Wednesday, September 11, 2013

A Moment of Silence

At 8:46 this morning our school and, I imagine, many others paused to remember the events of September 11, 2001.   Several children were in my library checking out books when the announcement came over the sound system:  This morning we remember the attack on our country which began at this time twelve years ago.  We remember the many people who died in the attack and the many firefighters and policemen who gave their lives to help others that day.  We will now have a moment of silence to remember those brave Americans  and thank those who continue to work hard to keep us safe today.  

We all paused, but only I could actually remember what it was like on that earthshaking day.
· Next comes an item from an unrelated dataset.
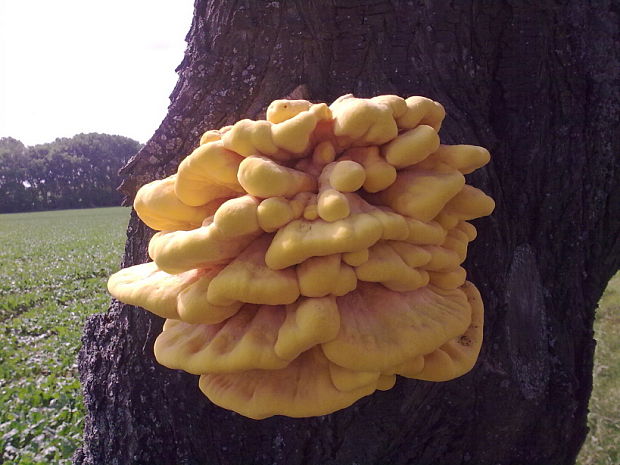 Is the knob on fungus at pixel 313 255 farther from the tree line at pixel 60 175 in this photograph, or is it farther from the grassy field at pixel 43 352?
the tree line at pixel 60 175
Our middle schoolers were either not born or were just babes that horrible and beautiful September day when our view of the world changed.  As the students left to go to their first period classes, I hunted up the few books in our library which attempt to explain the attack and put them on display on my desk.  

The 9/11 Report: A Graphic Adaptation by Sid Jacobson and Ernie Colon is The 9/11 Commission Report in graphic novel form.   The Commission's 2004 report was a best seller but hard for many people to understand, so two years later Jacobson, a comic book editor, and Colon, a comic book artist, collaborated on recreating the Report in graphic novel format.  In an interview with NPR, Jacobson emphasized the faithful capturing of the Commission Report's words in the graphic novel: 

"This is not a comic book.  It's a graphic presentation, using many, many devices, to tell what exactly has been said [in the report] and only that. '

Although it is aimed towards high schools students and above, my middle school students respond well to this format, and it was quickly taken from my desk for checkout today. 


In Understanding September 11th: Answering Questions About the Attack on America, Mitch Frank, a Time Magazine reporter, uses a question and answer format to present the September 11th events and the political background leading up to the attacks.  This format works for my students because they can read and absorb the amount of information they can handle and then put the book down and pick it up again later.  It's  also well-illustrated with images chosen for the sensitivities of this age group.  One student today browsed through several pages looking just at the images, talking to me about what he was seeing in them.  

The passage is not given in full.